─── EXERCISE DATA

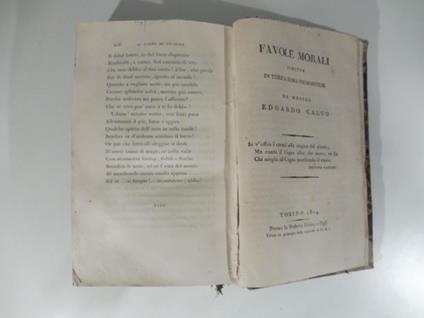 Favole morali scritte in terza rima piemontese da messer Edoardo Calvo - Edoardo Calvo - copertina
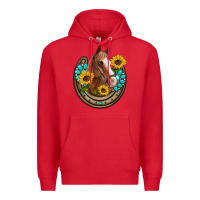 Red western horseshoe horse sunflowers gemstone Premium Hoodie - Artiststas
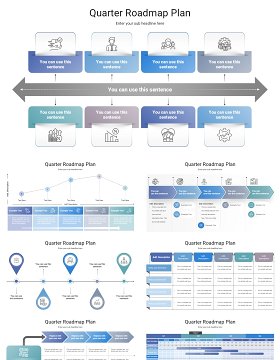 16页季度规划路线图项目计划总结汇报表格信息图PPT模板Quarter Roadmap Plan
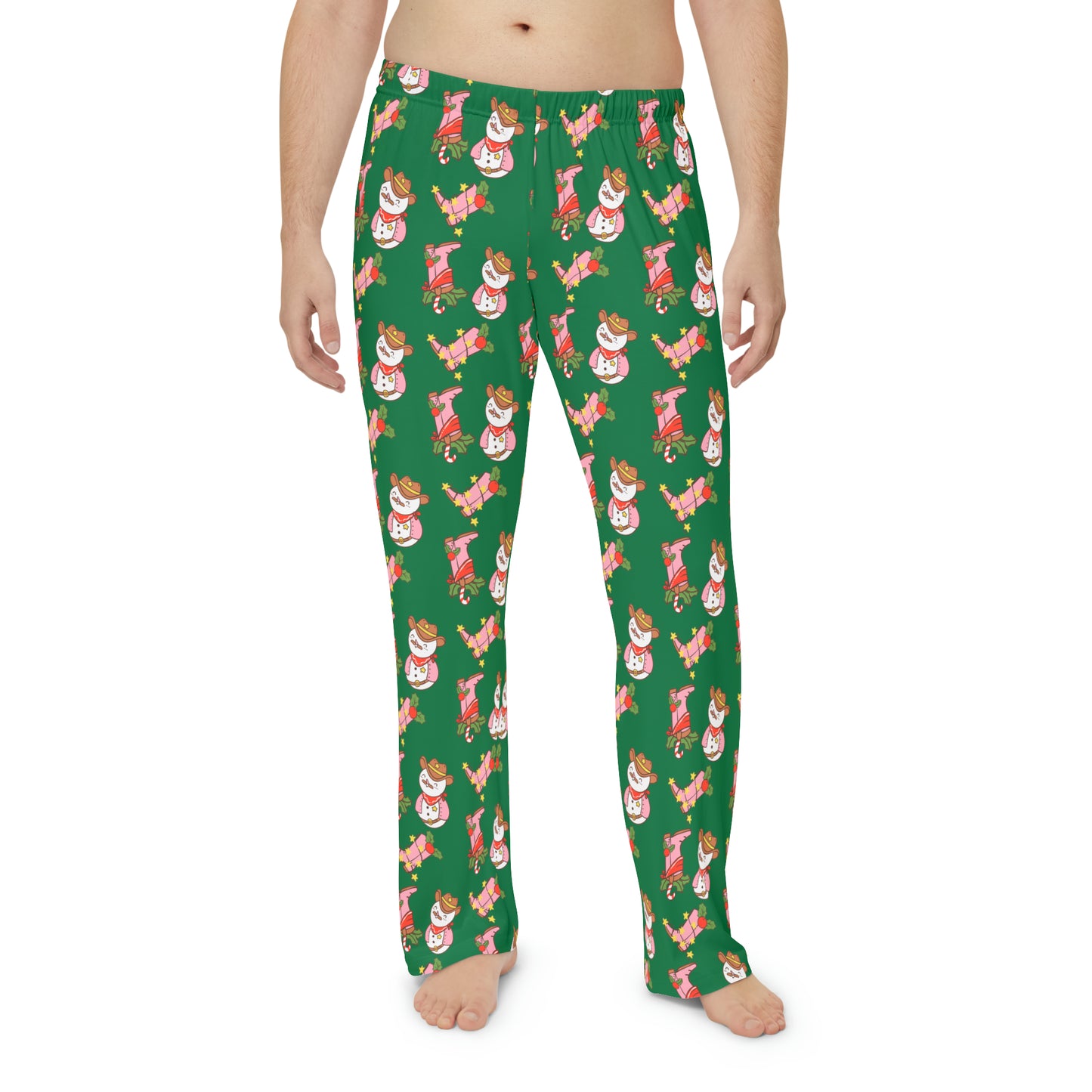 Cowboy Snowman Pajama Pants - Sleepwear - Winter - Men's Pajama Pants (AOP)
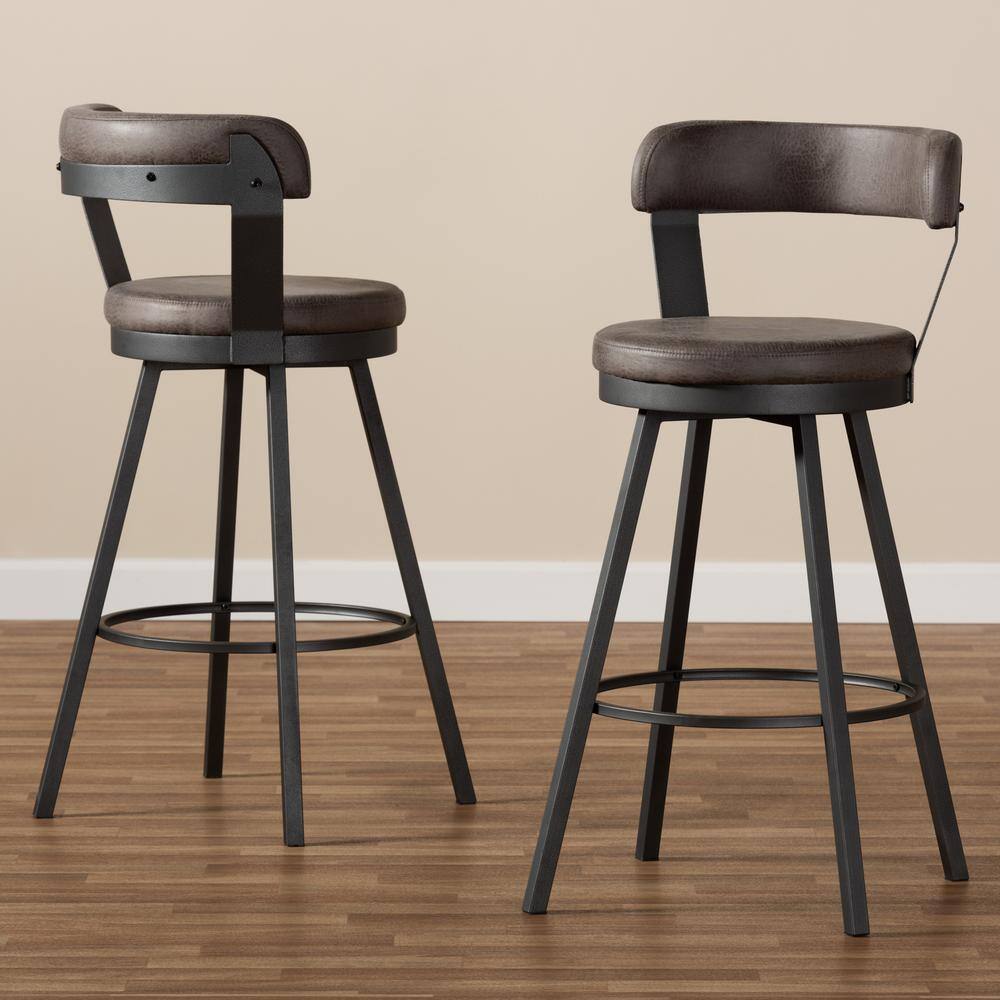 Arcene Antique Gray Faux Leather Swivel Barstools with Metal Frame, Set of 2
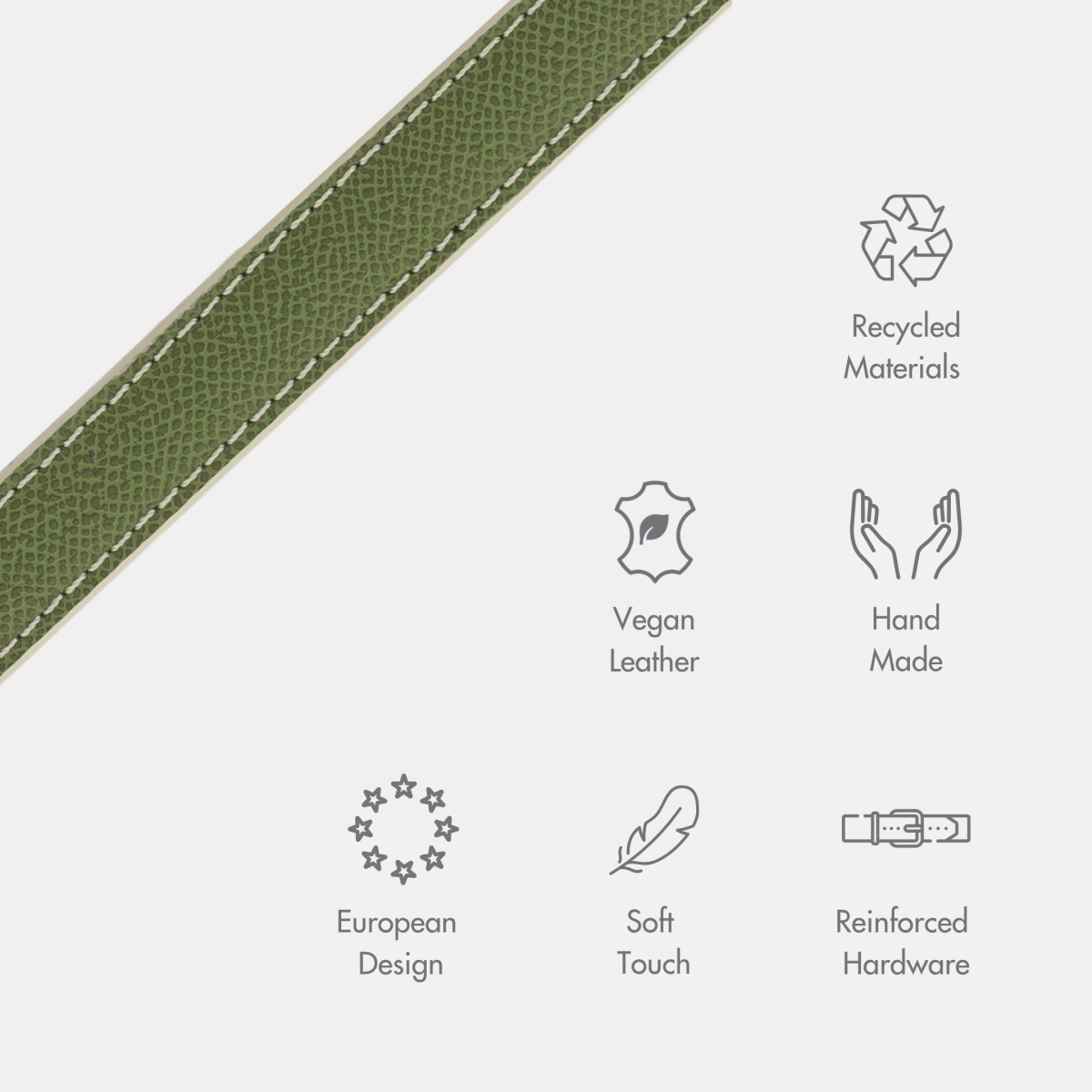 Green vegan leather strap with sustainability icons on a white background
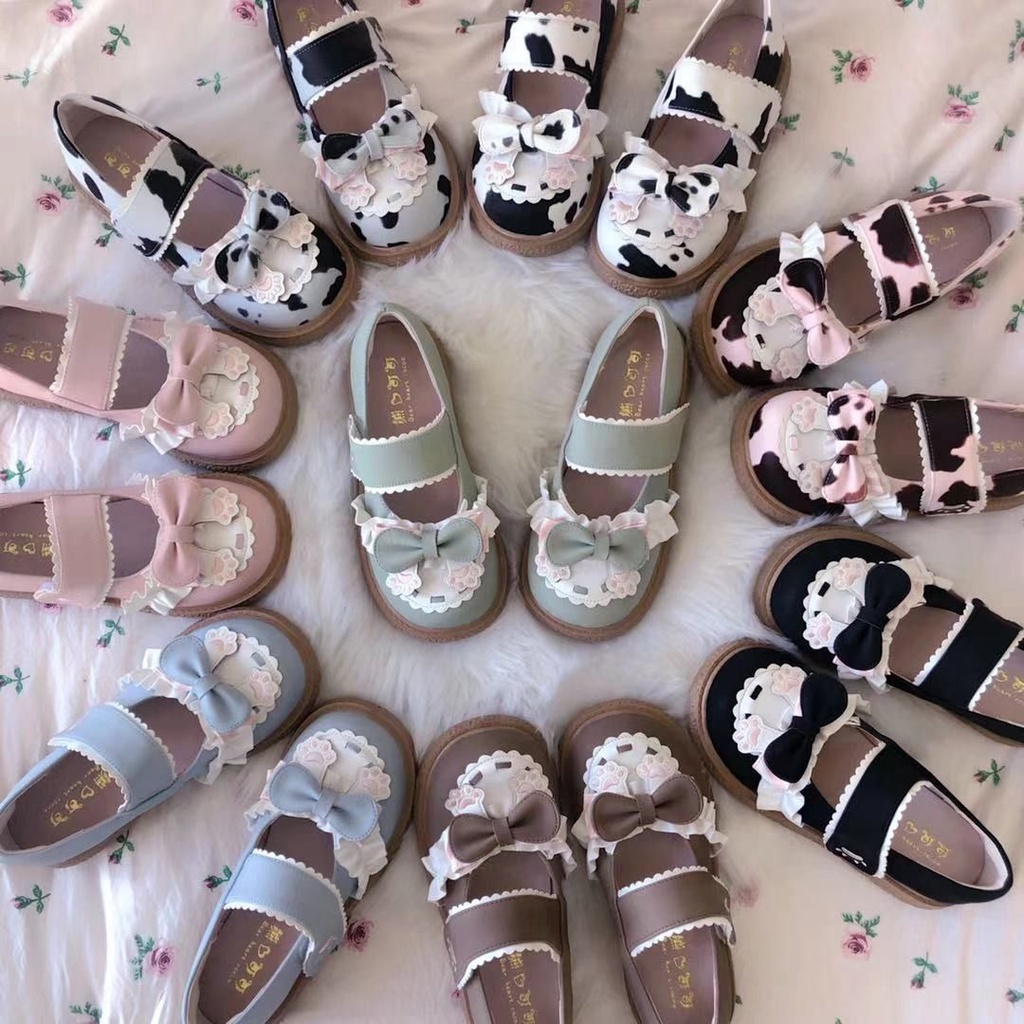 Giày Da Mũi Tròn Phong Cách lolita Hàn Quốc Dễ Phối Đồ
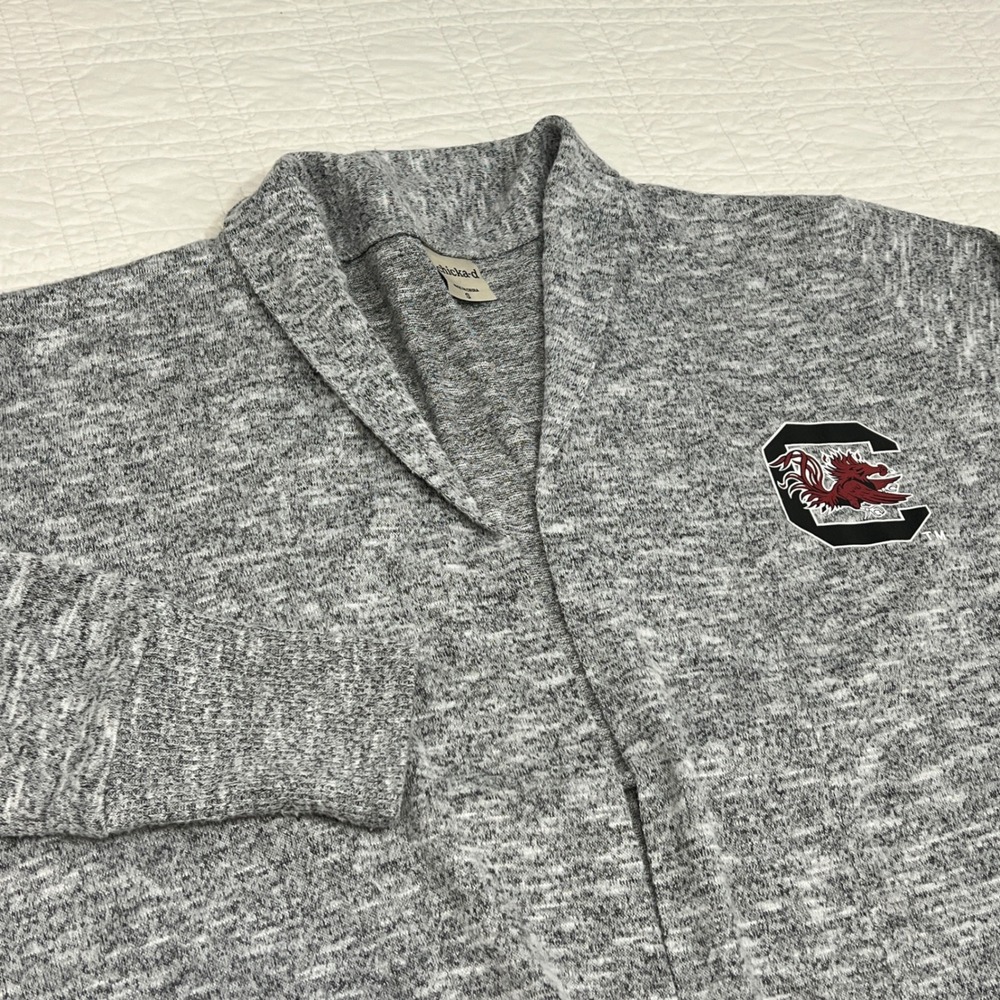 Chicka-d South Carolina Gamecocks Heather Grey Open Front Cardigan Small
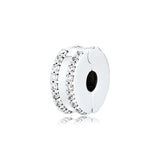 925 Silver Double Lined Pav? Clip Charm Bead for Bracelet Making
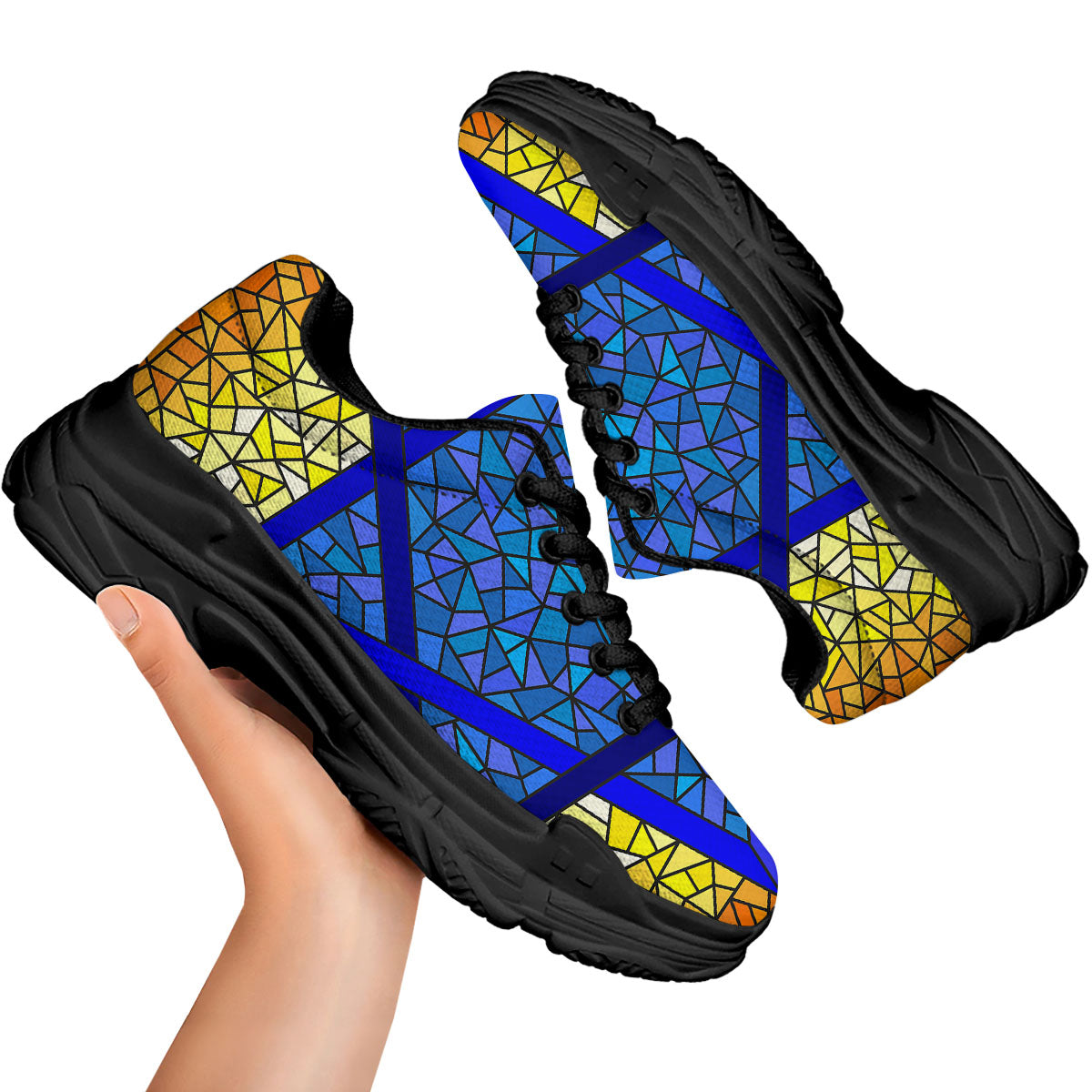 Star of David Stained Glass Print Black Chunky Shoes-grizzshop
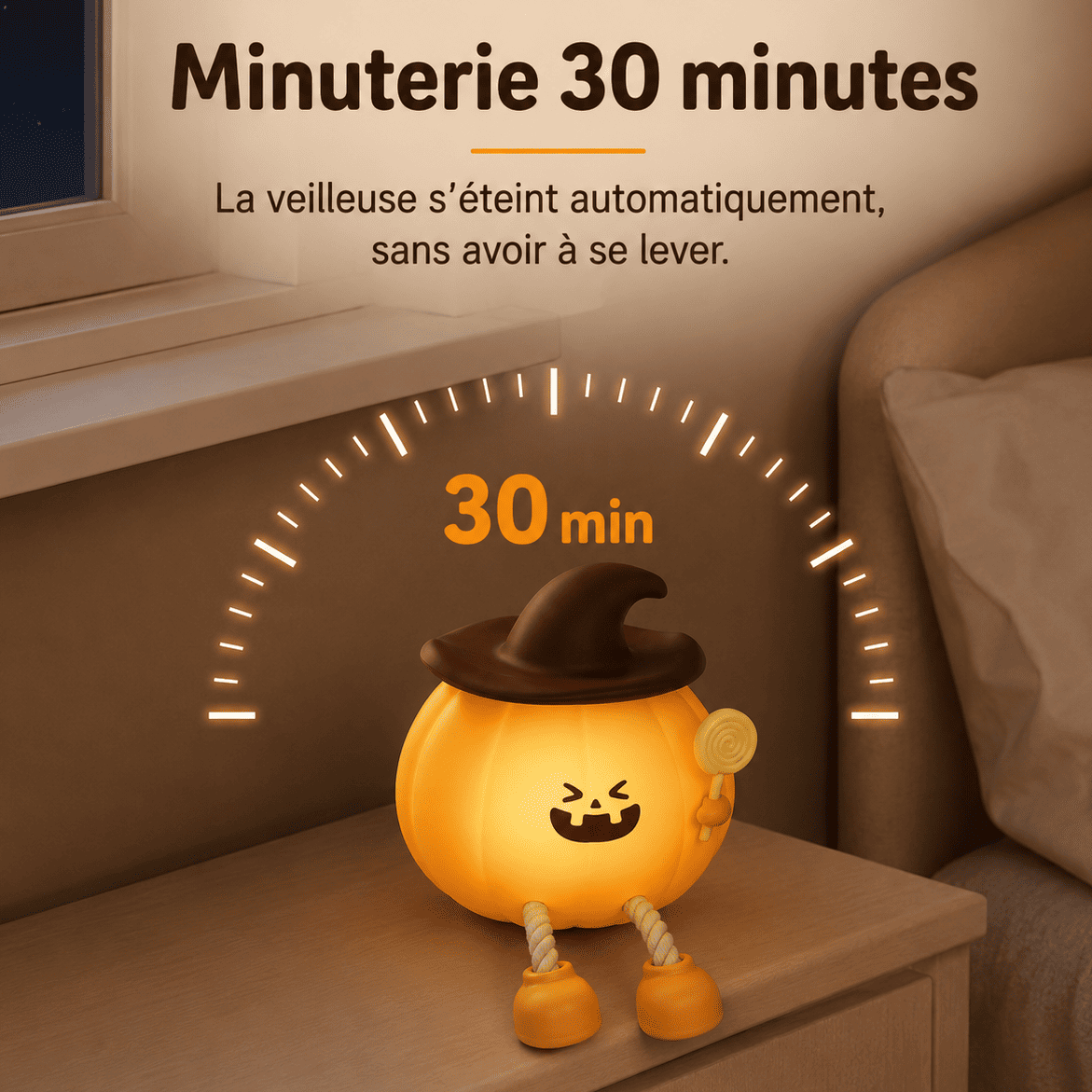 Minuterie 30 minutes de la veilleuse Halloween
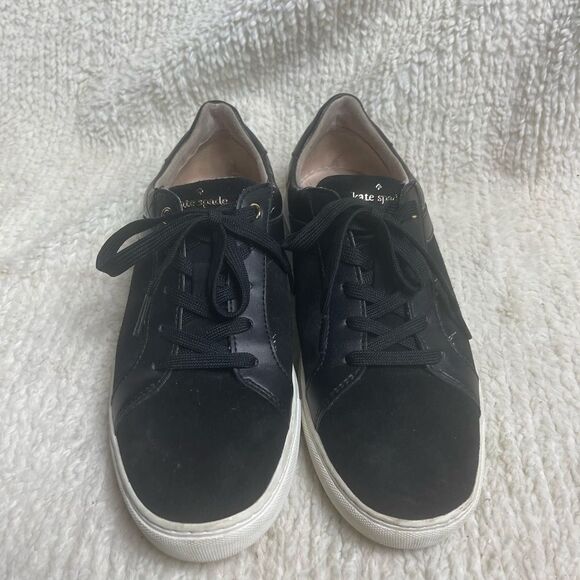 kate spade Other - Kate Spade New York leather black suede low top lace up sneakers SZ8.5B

──────

Drop the pictures and copy the data exactly.

__OUTPUT FOR THIS EXERCISE__:
 Favole morali scritte in terza rima piemontese da messer Edoardo Calvo - Edoardo Calvo - copertina
 Red western horseshoe horse sunflowers gemstone Premium Hoodie - Artiststas
 16页季度规划路线图项目计划总结汇报表格信息图PPT模板Quarter Roadmap Plan
 Cowboy Snowman Pajama Pants - Sleepwear - Winter - Men's Pajama Pants (AOP)
 Arcene Antique Gray Faux Leather Swivel Barstools with Metal Frame, Set of 2
 Green vegan leather strap with sustainability icons on a white background
 Giày Da Mũi Tròn Phong Cách lolita Hàn Quốc Dễ Phối Đồ
 Chicka-d South Carolina Gamecocks Heather Grey Open Front Cardigan Small
 925 Silver Double Lined Pav? Clip Charm Bead for Bracelet Making
 Star of David Stained Glass Print Black Chunky Shoes-grizzshop
 Minuterie 30 minutes de la veilleuse Halloween
 kate spade Other - Kate Spade New York leather black suede low top lace up sneakers SZ8.5B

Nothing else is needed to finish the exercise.